Obrezanova Olga, Gola Joelle M R, Champness Edmund J, Segall Matthew D
BioFocus DPI Ltd., Darwin Building, Chesterford Research Park, Saffron Walden, CB10 1XL, UK.
J Comput Aided Mol Des. 2008 Jun-Jul;22(6-7):431-40. doi: 10.1007/s10822-008-9193-8. Epub 2008 Feb 14.
In this article, we present an automatic model generation process for building QSAR models using Gaussian Processes, a powerful machine learning modeling method. We describe the stages of the process that ensure models are built and validated within a rigorous framework: descriptor calculation, splitting data into training, validation and test sets, descriptor filtering, application of modeling techniques and selection of the best model. We apply this automatic process to data sets of blood-brain barrier penetration and aqueous solubility and compare the resulting automatically generated models with 'manually' built models using external test sets. The results demonstrate the effectiveness of the automatic model generation process for two types of data sets commonly encountered in building ADME QSAR models, a small set of in vivo data and a large set of physico-chemical data.

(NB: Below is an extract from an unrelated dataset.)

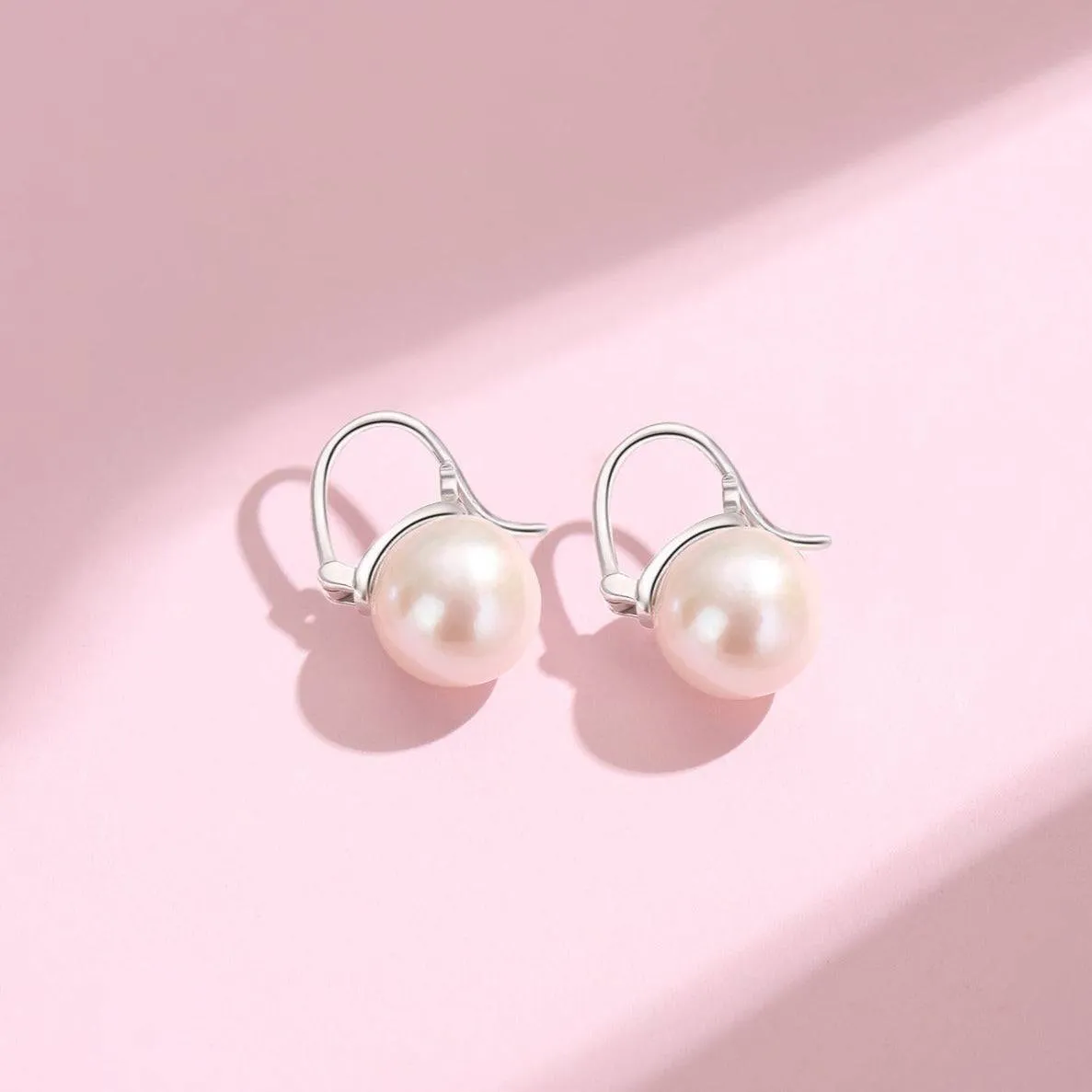 11-12mm Freshwater Pearl Modern Bucket-Shaped Earrings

在本文中,我们展示了一种使用高斯过程构建定量构效关系(QSAR)模型的自动模型生成过程,高斯过程是一种强大的机器学习建模方法。我们描述了该过程的各个阶段,这些阶段确保在严格的框架内构建和验证模型:描述符计算、将数据拆分为训练集、验证集和测试集、描述符筛选、建模技术的应用以及最佳模型的选择。我们将此自动过程应用于血脑屏障穿透和水溶性的数据集,并使用外部测试集将自动生成的模型与“手动”构建的模型进行比较。结果证明了自动模型生成过程对于构建药物吸收、分布、代谢和排泄(ADME)QSAR模型时常见的两种类型数据集的有效性,即一小部分体内数据和一大组物理化学数据。